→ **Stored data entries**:
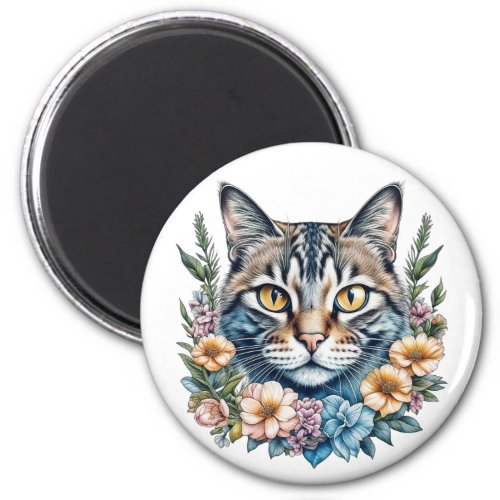 Cute Watercolor Cat with Flowers Magnet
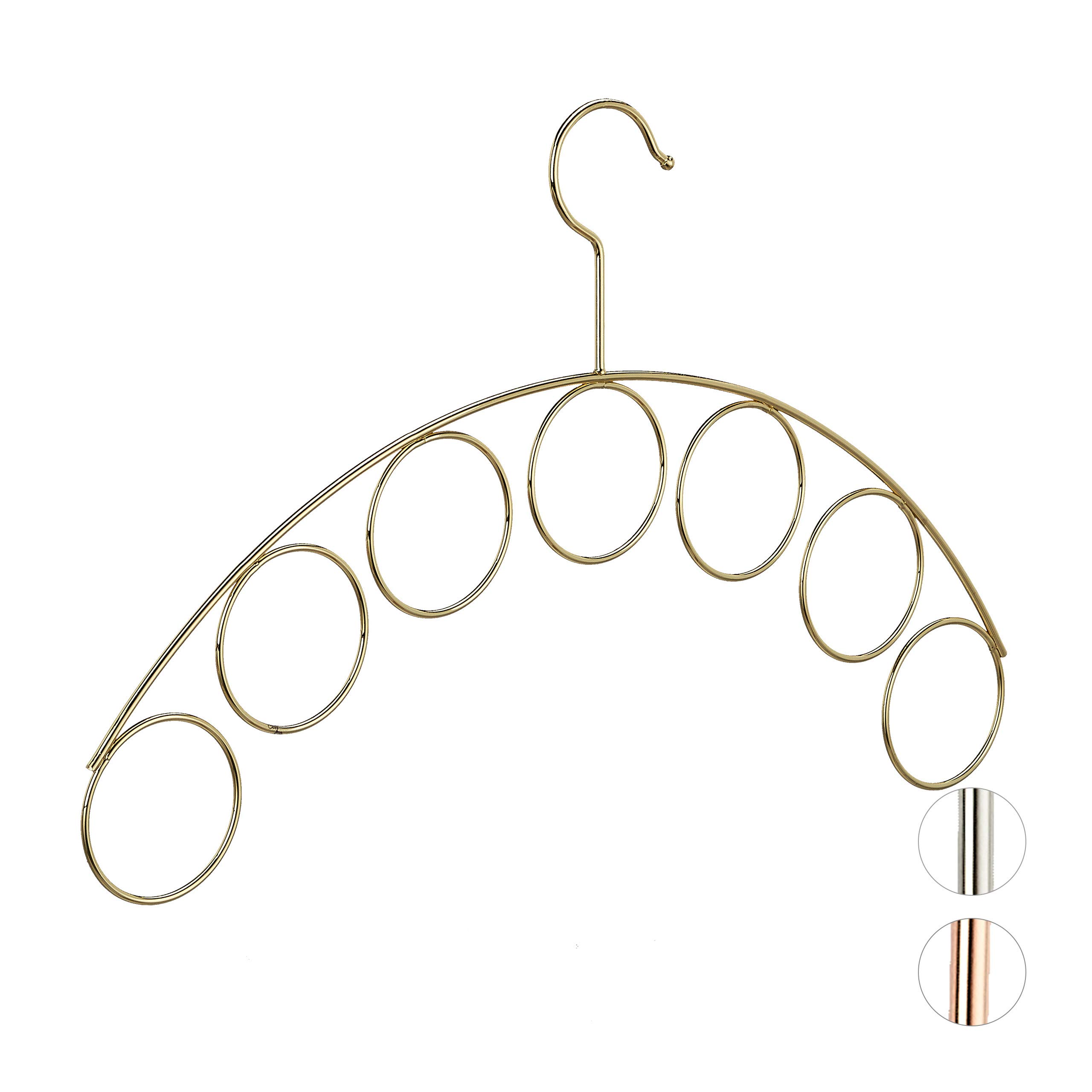 relaxdays-kleiderb-gel-schalhalter-gold-metallb-gel-40-5-cm-mit-7-ringen-3-mm-d- image 1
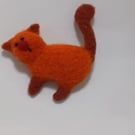 Orange Felted Cat Brooch
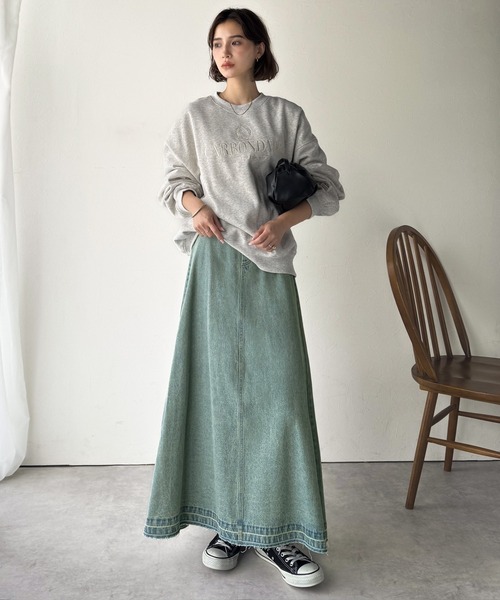 classicalelf（クラシカルエルフ）の「綿100％ 主役級の美フレアスカートでコーデの格上げ  デニムフレアスカート（ロング）（デニムスカート・レディース・ブルー/ブラック・SMALL/X-LARGE/LARGE/MEDIUM）」の15枚目の写真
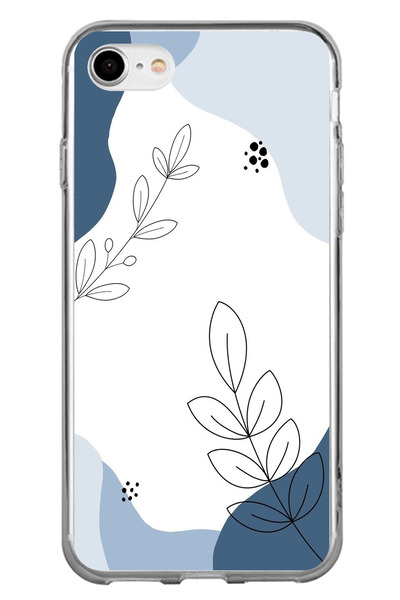 TechTree حافظة سيليكون متوافقة مع هاتف iPhone 6 - 6S باللون الأزرق وخطوط نبات...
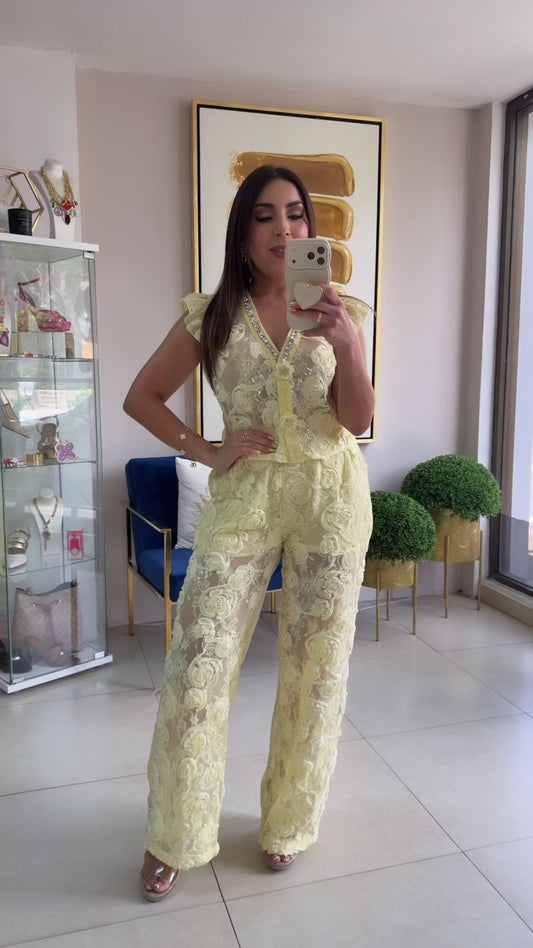 Yellow Lace Pant Set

→ **Instructions for the task**: Output every entry exactly, leaving out pictures.

→ **Written response**:
 Cute Watercolor Cat with Flowers Magnet
 relaxdays-kleiderb-gel-schalhalter-gold-metallb-gel-40-5-cm-mit-7-ringen-3-mm-d- image 1
 Orange Felted Cat Brooch
 classicalelf（クラシカルエルフ）の「綿100％ 主役級の美フレアスカートでコーデの格上げ  デニムフレアスカート（ロング）（デニムスカート・レディース・ブルー/ブラック・SMALL/X-LARGE/LARGE/MEDIUM）」の15枚目の写真
 TechTree حافظة سيليكون متوافقة مع هاتف iPhone 6 - 6S باللون الأزرق وخطوط نبات...
 Yellow Lace Pant Set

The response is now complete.